A meeting of the ministers of defence and army chiefs from the CEPGL member states of Burundi, DR Congo and Rwanda, in Kigali, last week, concluded that a new armed group had been created in DR Congo’s North Kivu province to destabilize Rwanda and the wider region.
The outfit, was created by Rwandan fugitives Kayumba Nyamwasa and Patrick Karegeya, who, along with Theogene Rudasingwa and Gerald Gahima, were convicted and sentenced for, among others, forming a terrorist group, threatening state security, undermining public order and promoting ethnic divisions.

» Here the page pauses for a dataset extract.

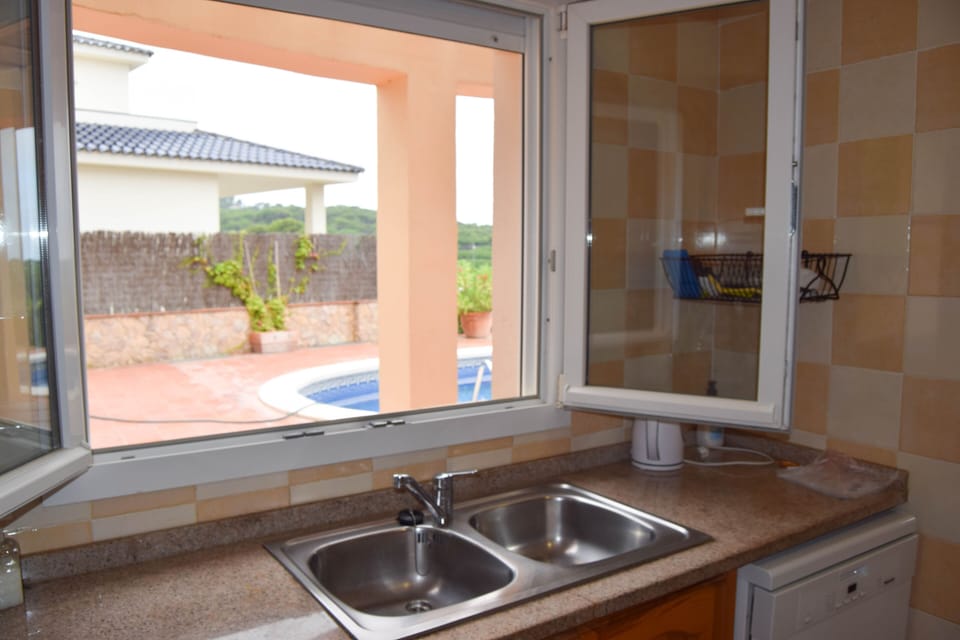 kitchen with dishwasher and see to the pool-SA PUNTA COSTA BRAVA
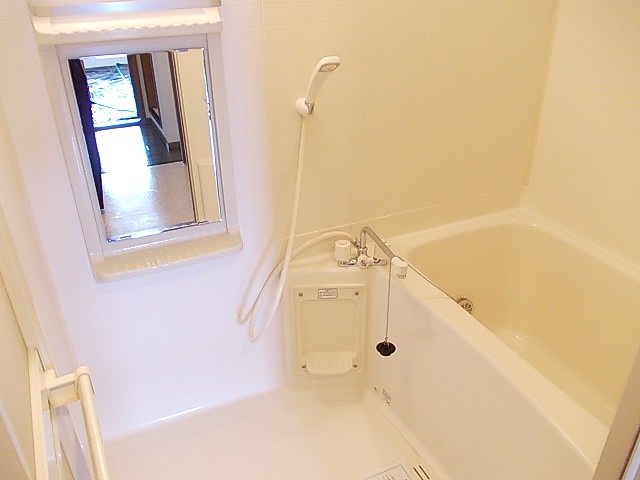 バス・シャワールーム　日々の暮らしに欠かせないお風呂です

Reports of these fugitives engaging in violent activities, intended to reverse the tremendous gains made by the Rwandan people and their neighbours across the region are not new. Last year, a UN Security Council Group of Experts’ report revealed that both Kayumba and Karegyeya have established strong links with the FDLR terrorist organization and were involved with armed groups in the DRC. These accounts were later corroborated by various senior officers of the Democratic Forces for the Liberation of Rwanda (FDLR).
That in this day and age some individuals and groups are still ganging up to inflict atrocities on innocent people and to use violent means against a democratically elected government is incomprehensive, to say the least. Such illegitimate and violent schemes, whereas they stand no chance to defeat the popular will of the people, have the potential to destabilize the region, through conscription of innocent children in their ranks, killing, raping, maiming and looting.
Once again, we find ourselves in a situation that calls for urgent and concerted efforts from the people and governments of this region. Regional states have a moral and mutual obligation to decisively put an end to such terrorist activities and to bring to book such criminals. The peoples of this region have suffered enough and cannot afford to lose what they have worked so hard to achieve.